NATURE, LANDSCAPE, GARDEN: CONTEMPLATIVE INFLUENCES ON THE WORK OF NIKOLA DOBROVIĆ
Text topic: Architect Nikola Dobrović (1897–1967) – Fifty Years Later
Text author: Драгана Ћоровић
In the 1950s, Nikola Dobrović wrote about the concept of urban landscape, drawing explicit connections between the quality of space and the achieved social values. In explaining the polyvalent nature of urban landscape as “a new type of spaciousness of buildings and their plasticity, the hollow plasticity of the in-between spaces, architecture of the ground, greenery and the vistas in one organically designed composition whole”, Dobrović was among the first to study such issues in these parts of the world. This paper questions the outcomes of the theoretical postulates of his “spatial creativity” arising from his comprehensive understanding of the world as a whole: from nature to garden to landscape, i.e. translated into urban reality: from urban space to urban greenery to urban landscape.
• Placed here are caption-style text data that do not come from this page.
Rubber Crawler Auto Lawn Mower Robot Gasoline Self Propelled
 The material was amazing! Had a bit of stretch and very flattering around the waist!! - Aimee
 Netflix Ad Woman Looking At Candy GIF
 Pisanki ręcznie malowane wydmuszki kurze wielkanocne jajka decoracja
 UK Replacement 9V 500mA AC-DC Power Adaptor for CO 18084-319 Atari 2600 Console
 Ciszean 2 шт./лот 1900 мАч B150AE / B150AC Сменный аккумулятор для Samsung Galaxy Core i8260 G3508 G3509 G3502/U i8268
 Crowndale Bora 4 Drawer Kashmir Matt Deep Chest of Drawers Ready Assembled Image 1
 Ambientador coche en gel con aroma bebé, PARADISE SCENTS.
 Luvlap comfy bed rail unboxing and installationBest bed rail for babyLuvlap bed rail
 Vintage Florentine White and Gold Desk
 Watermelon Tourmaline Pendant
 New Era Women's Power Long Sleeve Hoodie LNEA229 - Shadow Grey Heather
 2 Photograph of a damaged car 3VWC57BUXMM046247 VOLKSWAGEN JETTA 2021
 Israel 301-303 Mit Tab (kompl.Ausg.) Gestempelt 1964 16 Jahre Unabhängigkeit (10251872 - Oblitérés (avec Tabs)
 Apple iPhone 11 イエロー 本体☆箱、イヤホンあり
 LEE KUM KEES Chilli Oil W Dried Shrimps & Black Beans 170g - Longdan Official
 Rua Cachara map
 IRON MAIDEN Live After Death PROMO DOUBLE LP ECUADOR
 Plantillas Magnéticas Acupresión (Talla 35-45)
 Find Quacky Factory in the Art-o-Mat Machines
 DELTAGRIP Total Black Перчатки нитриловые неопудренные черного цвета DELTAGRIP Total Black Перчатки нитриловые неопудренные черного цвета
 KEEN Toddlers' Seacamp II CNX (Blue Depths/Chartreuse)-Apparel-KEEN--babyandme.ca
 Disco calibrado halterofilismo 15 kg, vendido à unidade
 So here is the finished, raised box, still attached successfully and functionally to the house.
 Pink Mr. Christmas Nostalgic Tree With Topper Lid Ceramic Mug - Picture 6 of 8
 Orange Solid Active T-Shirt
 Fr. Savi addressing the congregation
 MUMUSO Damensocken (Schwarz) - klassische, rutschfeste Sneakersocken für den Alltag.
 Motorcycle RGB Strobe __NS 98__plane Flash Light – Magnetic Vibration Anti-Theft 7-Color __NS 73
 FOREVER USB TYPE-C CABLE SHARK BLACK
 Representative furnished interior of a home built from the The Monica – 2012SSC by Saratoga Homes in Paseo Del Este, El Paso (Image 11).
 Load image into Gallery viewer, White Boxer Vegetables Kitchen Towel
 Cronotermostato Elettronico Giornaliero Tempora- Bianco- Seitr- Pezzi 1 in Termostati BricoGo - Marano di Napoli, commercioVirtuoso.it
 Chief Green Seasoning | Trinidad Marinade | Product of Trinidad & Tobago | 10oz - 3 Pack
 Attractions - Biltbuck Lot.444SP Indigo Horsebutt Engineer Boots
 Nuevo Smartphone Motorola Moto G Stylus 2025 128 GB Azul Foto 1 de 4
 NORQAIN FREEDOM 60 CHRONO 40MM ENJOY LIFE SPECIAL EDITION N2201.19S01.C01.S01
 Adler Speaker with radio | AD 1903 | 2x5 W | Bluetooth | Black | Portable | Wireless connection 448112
This article contains an extract from the informal notes of Nikola Dobrović, written in his notebooks, from the author’s legacy in the Archives of the Serbian Academy of Sciences and Arts in Belgrade, as well as part of the visual material, that is, photographs and visual representations of the Versailles Palace Gardens, also found in Dobrović’s Fund in the same Archives. These sources are to be considered throughout the process of understanding the origins of the architect’s spatial concepts.